The transport management system (TMS) market is experiencing a fundamental shift as artificial intelligence (AI) becomes increasingly integrated into its operations.
According to Rickard Andersson, principal analyst at Berg Insight, the potential for leveraging AI capabilities in TMS is unprecedented. Traditional systems that relied solely on preprogrammed algorithms are evolving to utilise advanced AI and deep learning. This allows them to continuously learn from data, adapt to changing conditions, and even anticipate future disruptions.
The influx of AI functionalities is not limited to TMS specialists; broader supply chain management (SCM) players and ERP vendors are also incorporating these capabilities. Emerging implementations include chatbots and agentic AI systems that operate with a degree of autonomy, significantly enhancing logistics operations through advanced automation and decision support.
AI agents are transforming international logistics by reducing manual effort and errors. These systems facilitate proactive risk assessments, identifying potential disruptions well in advance. Additionally, machine learning algorithms improve documentation accuracy and compliance management, enabling more autonomous decision-making in complex logistics environments.
One notable example is Pando, a US-based company offering AI agents that automate logistics operations for manufacturers, distributors, and retailers. By utilising Pando's proprietary Logistics Language Model (LLM), businesses can achieve greater agility, control freight spending, and reduce their carbon footprint. Pando’s offerings extend beyond AI agents to include domestic and international TMS products that leverage AI for load planning and intelligent route optimisation.
Similarly, TESISQUARE, an Italian company, has launched an AI Competence Center focused on next-generation technologies such as applied machine learning, large language models, and predictive modelling. Their goal is to enhance platform intelligence and optimise business applications, resulting in a more resilient and adaptive supply chain.

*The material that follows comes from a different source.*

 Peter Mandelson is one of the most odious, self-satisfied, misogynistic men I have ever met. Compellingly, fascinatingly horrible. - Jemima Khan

Other TMS-related functionalities incorporating AI include Kinaxis’s Maestro platform, SAP’s AI copilot Joule, E2open’s customs declaration assistant, and Descartes’ AI Agents. These innovations exemplify the broad integration of AI across various platforms aimed at enhancing logistics operations.
Despite the exciting advancements, there is an emerging sentiment in the industry regarding the need for transparency in AI decision-making processes. Understanding the rationale behind TMS recommendations is crucial for fostering trust among users, which may slow the adoption of AI-based tools.
While AI has been leveraged in transport management for years, the most recent offerings are still in their experimental phases. The true impact of these technologies on day-to-day operations remains to be seen.